In the following section, the main obtained results are described. First, a set of visualization formation coupling wellbore flow test device was built based on real space by scanning the practical field outcrop and building real crack space, respectively, carried out the visualization liquid displacement experiment with different crack width, drilling fluid density, viscosity, and asphalt viscosity, which obtained the influence law of various parameters on displacement rate, conditions of displacement, the development regularity and controlling factors. Second, the steady-state mathematical model of fractured formation liquid–liquid gravity displacement was established by using the theory of rock mechanics, fluid mechanics, and seepage mechanics, based on the conformal mapping and fracture-pore double substrate fluid flow model, optimizing the shape factors by the combination of gravity displacement experiment, verified the feasibility of mathematical model. Finally, sensitivity factors for gravity displacement were analyzed. The research results provide a theoretical foundation for seeking a solution method, explaining its phenomenon, and implementing practical treatment.
Experimental study of liquid–liquid gravity displacement
Experimental device and its working principle
The entire device consists of three parts: the wellbore–fracture–formation system, the circulation system, and the data acquisition system. The wellbore–fracture–formation system includes the wellbore module, fracture module, and formation module.
The wellbore module and the formation module use a transparent plexiglass tube to simulate the fluid flow path in the wellbore and the formation, while the wellbore module is also equipped with a polyvinyl chloride pipe to simulate the drill pipe. The wellbore module and the formation module are connected through the fracture module. The wellbore module, fracture module, joint of the fracture module, and ground layer module are installed with a valve, and fluid can pass through the fracture module to flow into the ground layer by controlling the valve. The circulation system is responsible for pumping drilling fluid and formation fluid into the wellbore module and the formation module according to the set pressure and flow, and for separating the mixed fluid flowing back to realize the recycling of the experimental fluid. The data acquisition device includes various pressure gauges, flowmeters, and signal transmission cables on the pipeline to record the flow state of the fluid in real time. In addition, a high-definition (HD) camera was installed outside the fracture module to record the fluid distribution inside the fracture in real time.
The flow path in the artificial fracture is the same as the flowing space of the actual formation fracture, and the opening degree of the fracture is adjusted by providing the transparent resin gasket with different thicknesses in the mold cavity. Therefore, the fracture module can truly reflect the flow of drilling fluid and formation fluid in formation fractures with different opening degrees. After the valves at both ends of the crack module are opened, the wellbore module communicates with the formation module, and the drilling fluid and formation fluid undergo gravity displacement in the fracture module. During this time, the pressure sensor at the four corners of the fracture module and the external HD camera will record the fluid flow in the fracture in real time. The whole device can work under the fluid pressure of 0.5 MPa. A schematic diagram of the experimental device is shown in Figure 2, and a photograph is shown in Figure 3.
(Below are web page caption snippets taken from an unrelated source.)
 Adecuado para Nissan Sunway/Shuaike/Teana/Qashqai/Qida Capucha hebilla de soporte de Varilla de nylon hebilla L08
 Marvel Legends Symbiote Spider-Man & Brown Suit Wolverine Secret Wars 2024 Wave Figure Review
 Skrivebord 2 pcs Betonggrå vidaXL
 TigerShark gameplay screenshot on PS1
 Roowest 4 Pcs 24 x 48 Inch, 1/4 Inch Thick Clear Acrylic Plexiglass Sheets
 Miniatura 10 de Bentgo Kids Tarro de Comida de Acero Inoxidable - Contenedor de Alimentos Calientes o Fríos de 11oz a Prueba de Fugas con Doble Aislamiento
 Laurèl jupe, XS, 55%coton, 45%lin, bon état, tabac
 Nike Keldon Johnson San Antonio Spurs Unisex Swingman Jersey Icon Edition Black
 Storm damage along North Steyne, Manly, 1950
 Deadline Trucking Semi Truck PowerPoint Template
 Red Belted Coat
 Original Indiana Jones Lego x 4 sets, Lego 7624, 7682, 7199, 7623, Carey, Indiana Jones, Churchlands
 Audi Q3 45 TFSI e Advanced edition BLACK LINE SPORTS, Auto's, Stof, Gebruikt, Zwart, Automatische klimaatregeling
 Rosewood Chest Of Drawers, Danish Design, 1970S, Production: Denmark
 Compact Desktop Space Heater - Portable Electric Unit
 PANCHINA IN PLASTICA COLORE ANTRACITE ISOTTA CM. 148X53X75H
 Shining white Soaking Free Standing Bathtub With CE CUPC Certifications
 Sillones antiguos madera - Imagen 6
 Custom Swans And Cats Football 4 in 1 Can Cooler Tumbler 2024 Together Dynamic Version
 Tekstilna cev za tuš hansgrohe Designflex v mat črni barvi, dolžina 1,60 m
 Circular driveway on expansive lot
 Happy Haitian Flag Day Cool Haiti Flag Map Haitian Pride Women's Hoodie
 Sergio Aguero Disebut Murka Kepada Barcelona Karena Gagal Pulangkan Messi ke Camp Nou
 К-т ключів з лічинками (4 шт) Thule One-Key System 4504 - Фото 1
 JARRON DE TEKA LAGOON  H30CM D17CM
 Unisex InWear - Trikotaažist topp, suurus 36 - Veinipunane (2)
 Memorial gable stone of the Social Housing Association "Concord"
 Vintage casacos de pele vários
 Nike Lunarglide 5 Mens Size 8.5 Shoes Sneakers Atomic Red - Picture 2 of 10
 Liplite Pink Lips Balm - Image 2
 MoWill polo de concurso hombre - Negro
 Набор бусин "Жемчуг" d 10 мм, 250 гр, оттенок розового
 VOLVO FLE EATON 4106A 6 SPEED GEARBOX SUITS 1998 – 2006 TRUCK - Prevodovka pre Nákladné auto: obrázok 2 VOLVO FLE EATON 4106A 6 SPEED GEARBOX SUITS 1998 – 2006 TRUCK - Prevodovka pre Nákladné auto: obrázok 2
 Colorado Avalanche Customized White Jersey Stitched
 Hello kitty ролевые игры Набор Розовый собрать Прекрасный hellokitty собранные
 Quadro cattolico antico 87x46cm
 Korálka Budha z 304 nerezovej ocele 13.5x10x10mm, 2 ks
Schematic diagram of the experimental device.

Renderings and photograph of the experimental device.
In contrast to the device described in the published literature (Xiao et al., 2018), this device replaces the air compressor with an asphalt heavy oil circulation system and can be used for oil drilling fluid gravity displacement. Table 1 lists the parameters of the experimental device.
Parameters of the experimental device.
Experimental scheme and empirical procedure
Under the influence of changing parameters such as the width of the fracture, density of the drilling fluid, and viscosity of the asphalt, a total of 16 experimental schemes based on the field data of Yadavaran Oilfield is designed as shown in Table 2.
Experimental scheme.
The empirical procedures under a certain fracture width and experimental fluid are as follows:
① Open the asphalt pump, pump the appropriate amount of simulated asphalt into the formation module, open the valve on the right side of the crack module, and fill the asphalt with cracks. ② Turn on the drilling pump, pump the drilling fluid to fill the wellbore module, and circulate for a period of time until the flow is stable. ③ Adjust the formation pressure to make it almost equal to the wellbore pressure, open the valve on the left side of the crack module, and adjust the back pressure valve of the wellbore module so that the relationship between formation pressure and wellbore pressure is in the replacement interval. ④ After the displacement is stabilized, record the time and the volume of the drilling fluid leaking into the formation module, thereby calculating the displacement amount. At the same time, record the pressure at each position by the sensors. ⑤ Adjust the back pressure of the wellbore and repeat the above test process to obtain the replacement data under the remaining pressure difference.
Experimental phenomena
In the experiments, it is observed that there is a two-phase interface in the fracture, which is an important feature of gravity displacement. There is a typical video of the experiment in the supplementary materials, and figures 4 to 6 reflect the distribution of the gas–liquid interface under condition 1, condition 2, and condition 5. Under different conditions, the oil–fluid interface differs significantly, and the pressure difference and monitored displacement flow are also significantly different. From the experimental phenomenon, the greater the density of the drilling fluid, the larger the displacement flow, and the wider the fracture, the larger the displacement flow. Quantitative data under different conditions have been presented in Figure 12.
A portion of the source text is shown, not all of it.